La quinzaine passée j’ai traversé en huit jours toutes sortes de grandeurs d’avant-hier, d’hier et d’aujourd’hui. Le samedi, j’ai dîné chez l’ancien roi de Westphalie, Jérôme Napoléon, maintenant gouverneur des Invalides ; le jeudi d’après, chez l’ancien chancelier de France, baron de Napoléon, duc de Louis-Philippe, dont les cartes aujourd’hui portent ce seul nom : M. Pasquier ; le samedi, j’ai été au bal de l’Élysée chez le président de la République.

Jérôme Bonaparte donnait son dîner d’installation. Comme l’idée de le faire gouverneur des Invalides venait de moi, il m’avait prié, ainsi que ma femme. Il occupe l’ancien appartement des gouverneurs.

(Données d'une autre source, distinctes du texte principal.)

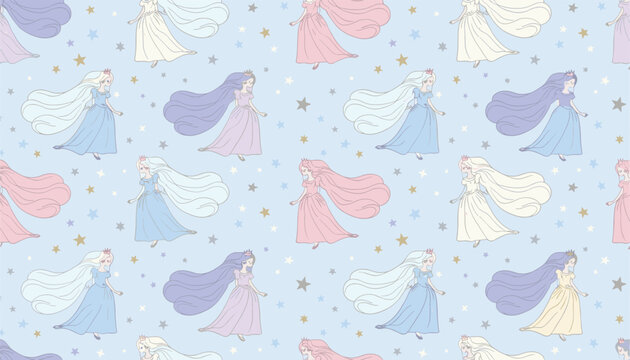 Seamless princess pattern showcases beautiful girls in elegant flowing gowns dancing among golden stars on blue.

Dans l’origine, il n’y avait qu’un prévôt de l’Hôtel ; on avait fait l’installation en conséquence. Plus tard, il y a eu un gouverneur, l’appartement a paru mesquin ; maintenant il y a un roi, le logis paraît misérable.

Le « grand salon » est tout petit, avec une poutre qui traverse le plafond. Trois ou quatre autres pièces mènent à la chambre du gouverneur. Dans cette chambre il y a deux grands lits, le lit du prince et le lit de la marquise[1]… Ces lits se touchent et ont pour couvre-pieds commun un immense cachemire rapporté d’Égypte par Bonaparte et donné par lui à Jérôme. Le tout vient d’être meublé par le garde-meuble de consoles et de fauteuils d’acajou à cous de cygne, avec des soieries-empire sur les murs, et des bronzes-Thomire. Souvenirs de la jeunesse du prince. J’ai dit à Jérôme : « C’est touchant, mais c’est laid. »

Au bas de l’escalier d’honneur un invalide en redingote bleue boutonnée, avec moustache grise et une large croix d’honneur à la boutonnière, tenait lieu d’huissier. Un grand corridor blanchi à la chaux garni de banquettes et de paillassons était réservé aux gens des invités.

Il y avait le président de la République, le fils de Jérôme, Napoléon Bonaparte, la princesse Camerata, née Bonaparte, la marquise…, trois ministres, M. de Tracy, M. Passy et M. Lacrosse, le vice-président Boulay de la Meurthe, le maréchal et la maréchale Molitor, ma femme et moi. Comme

  1. Le nom est resté en blanc dans le manuscrit. (Note de l’éditeur.)